But even though The Missed Chance is seemingly fully occupied with Dilov’s experimental techno-puppet show format, the author stays true to his penchant for layering multiple textures and softly demanding the reader pay heed to the overlapping connections. Opening with an already solved murder case, Dilov’s facetiously challenging parameters elicit facetious responses from the computer-storyteller: a dragon tale without an end, a “secular” retelling of Cassandra, and a transgender, interplanetary transporter malfunction. The familiar sci-fi themes of time travel, alien encounters, and sex robots also appear, all with quotable comments on their respective spheres of influnece. But perhaps the most “subversive” topics pervading the composition are the decidedly un-collective concepts of “self” and “identity.”
For the closing tale, “The Plundered Truth”, let’s look at the cast of characters: So, in a story in a story written for Dilov by his computer, which is also him, we only find the author’s real-life friends, Arkady Strugatsky and Karl Levitin, one Lyuben Dilov confronting another Lyuben Dilov, and a seemingly innocuous cameo by Dilov’s secretary.

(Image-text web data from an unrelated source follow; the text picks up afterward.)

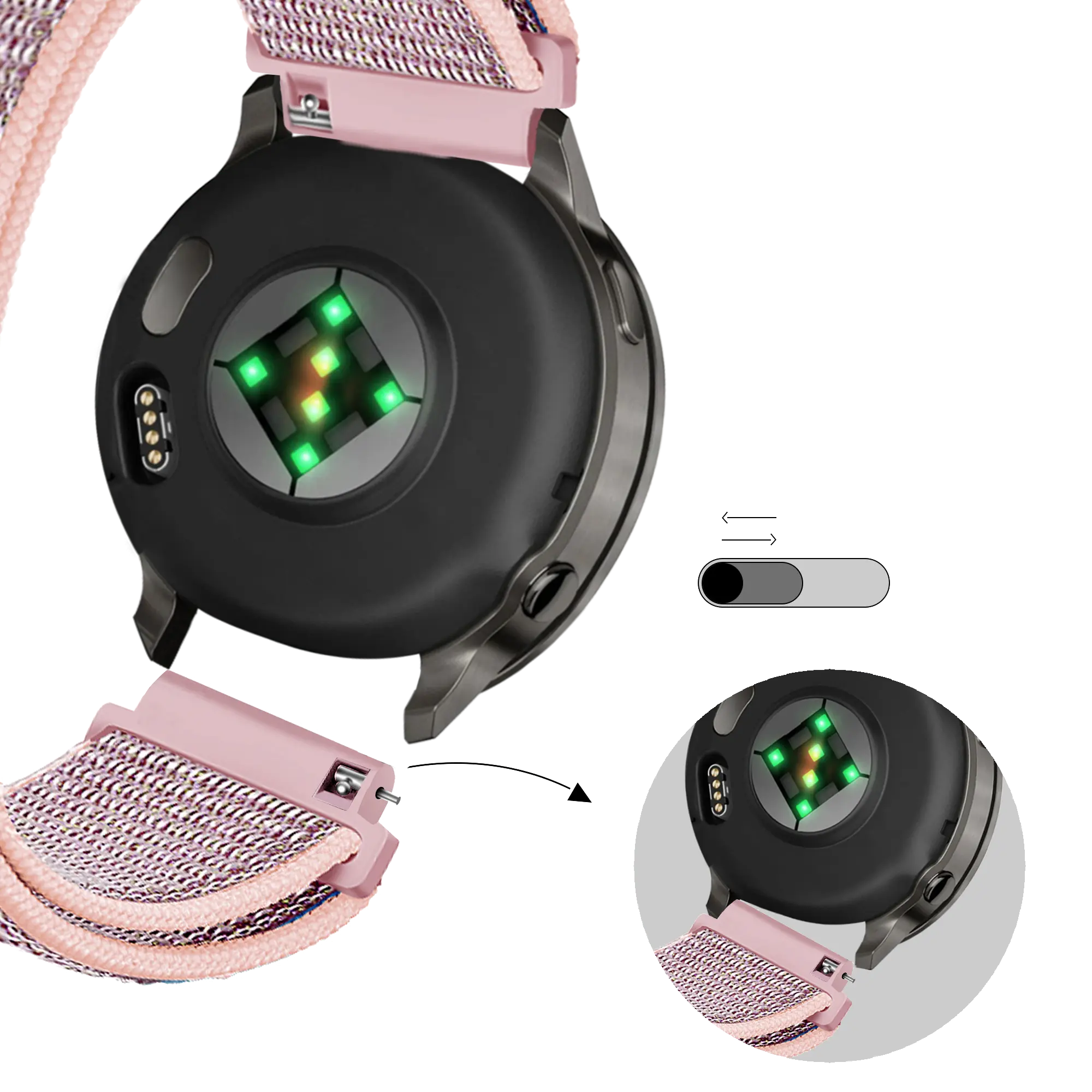Bandz Bracelet nylon à boucle Garmin Forerunner 265s (rose sable)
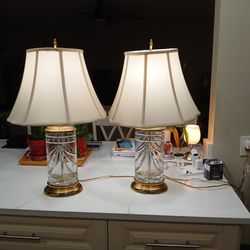 Pair Of Vintage Waterford Crystal Lamps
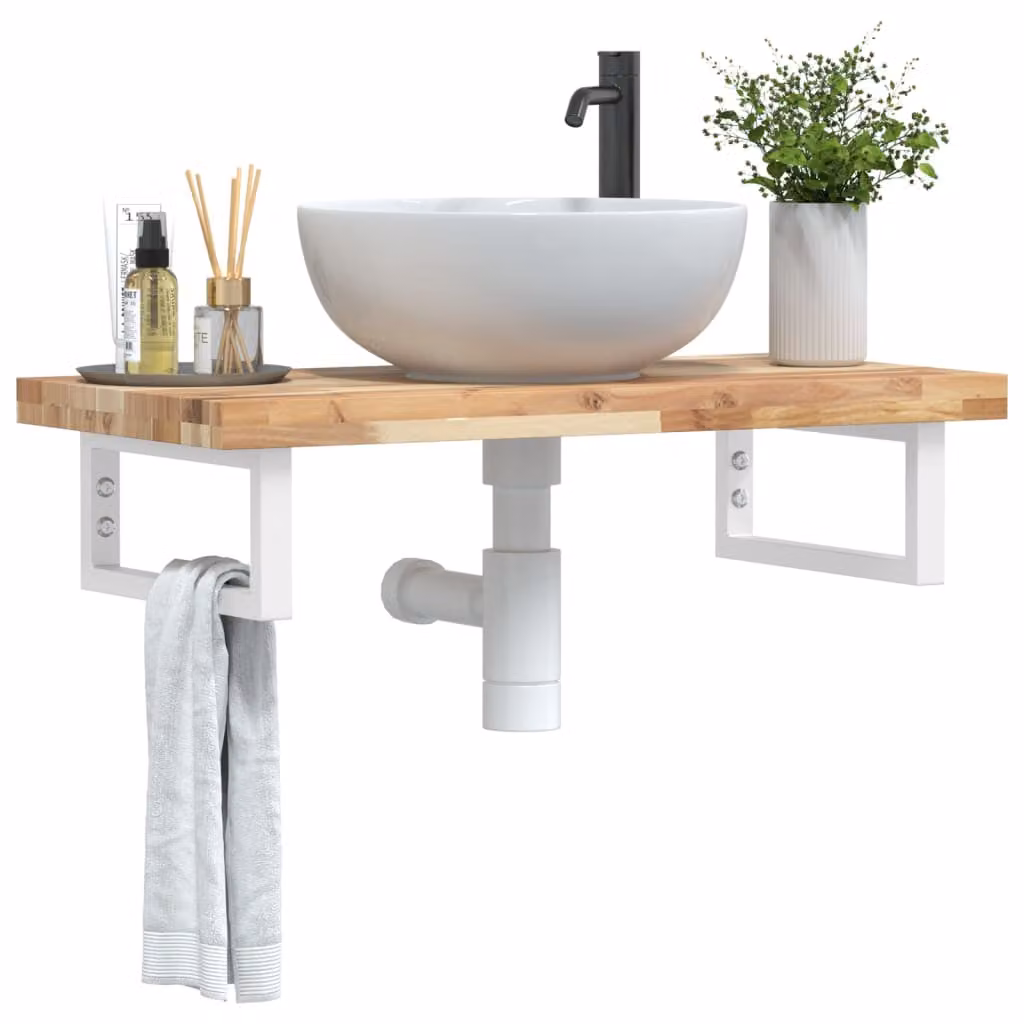 vidaXL Ripiano da parete per lavabo in legno di acacia e metallo, Bianco e Marrone, L: 40 cm, P: 19 cm, H: 40 cm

It is strikingly tempting to draw a parallel from here to Dilov’s initial impression of the computer’s voice in the beginning: “…maybe the dark-eyed, passionate, and secretly-in-love-with-her-boss secretary. Its voice was well-selected, but I don’t yet know whether or not I will love this secret secretary back.”
The computer-composer had already been directly accused by Dilov of writing itself into an earlier story, as a martyr for an owl-like alien race being imposed upon by the arrival of humans. And its mischievous, Scheherazade-like voice, which Dilov skillfully delineates from his own, can be detected in some others of its self-produced characters. But this designedly subtle call-back to the secretary, less than ten pages from the end of the book, whirls the reader’s cognition back through the ten preceding stories, and upon examination we find that all ten, seemingly hidden in plain sight, are covalently bonded by the shared electron of marital infidelity. Now, if you’re imagining Dilov crafting some banal confession to his wife, Milka, the mother of his children, his great love and muse, please try to pay closer attention. This encoded, guilty admission is for unfaithfulness to his own creative influences from bygone eras, to the “tradition of all dead generations,” as Marx put it, and for partaking in modernity, as demanded by his own revolutionary era, and his own contrarian whimsy, and his Marxist administrators. Ironically, when critics accused Ursula Le Guin of departing from genre tradition, they called her work “Balkanized.”
Nothing in its finishing or function separates The Missed Chance from Dilov’s other intricate productions, but the full blooming of the central concepts within the limits of the format, itself carefully selected, leaves this piece as one of the most instructive “textbooks” on writing style we have at our disposal today. But be careful not to confuse it with his later short story “How to Write a Science-Fiction Story”, which is actually Dilov’s comment on “just following orders.”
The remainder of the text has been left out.